■ Data shown ■

----------

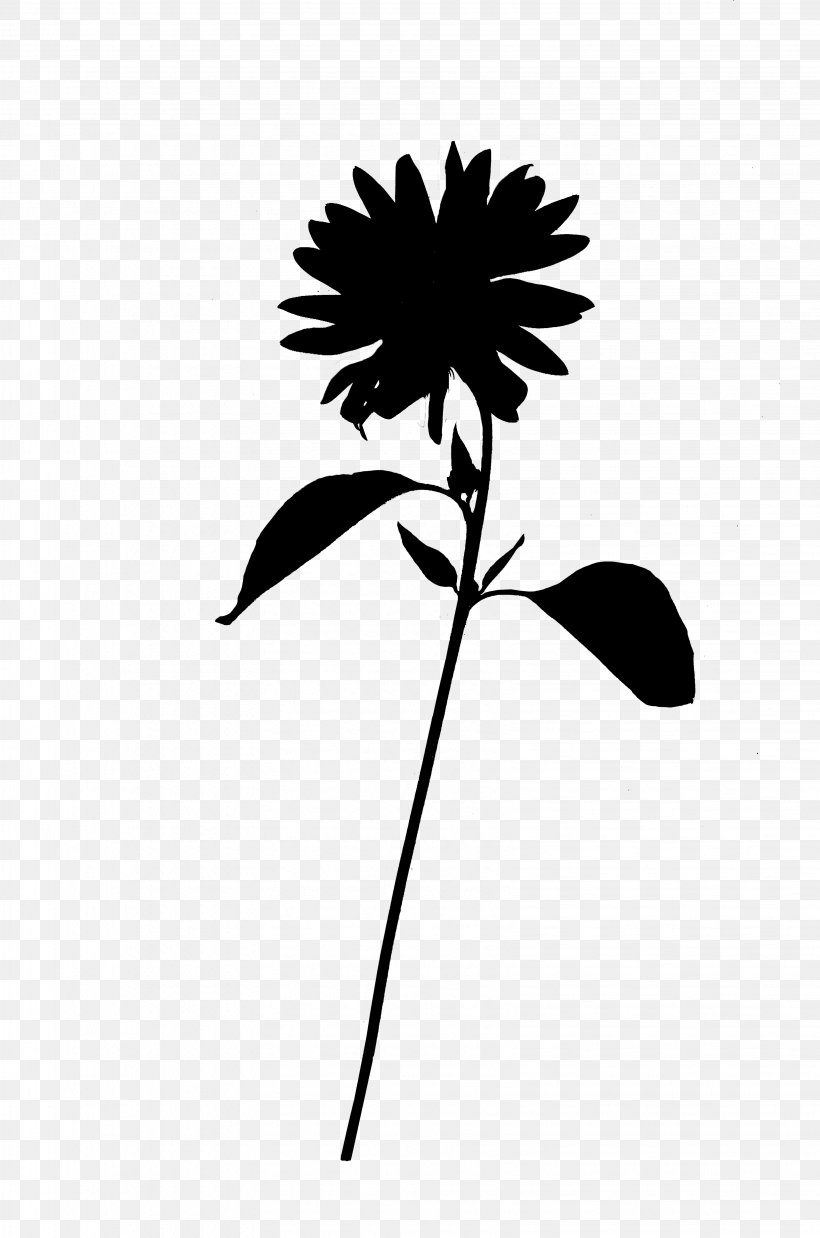 Leaf Plant Stem Arecales Line Silhouette, PNG, 3264x4928px, Leaf, Arecales, Blackandwhite, Botany, Branching Download Free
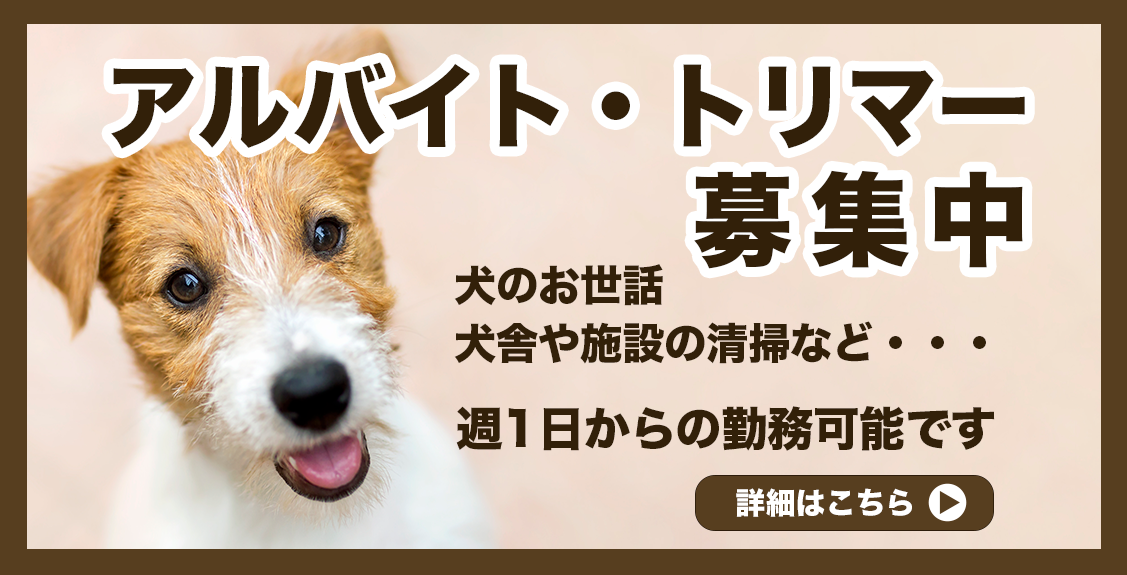 アジリティートレーニング 市原市犬のしつけ教室 Only Wan オンリー ワン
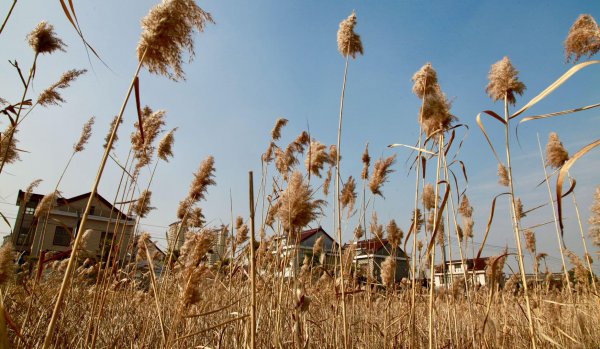 海安在哪个省哪个市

----------

Please set the data above down exactly, with the pictures removed.

 Leaf Plant Stem Arecales Line Silhouette, PNG, 3264x4928px, Leaf, Arecales, Blackandwhite, Botany, Branching Download Free
 アジリティートレーニング 市原市犬のしつけ教室 Only Wan オンリー ワン
 海安在哪个省哪个市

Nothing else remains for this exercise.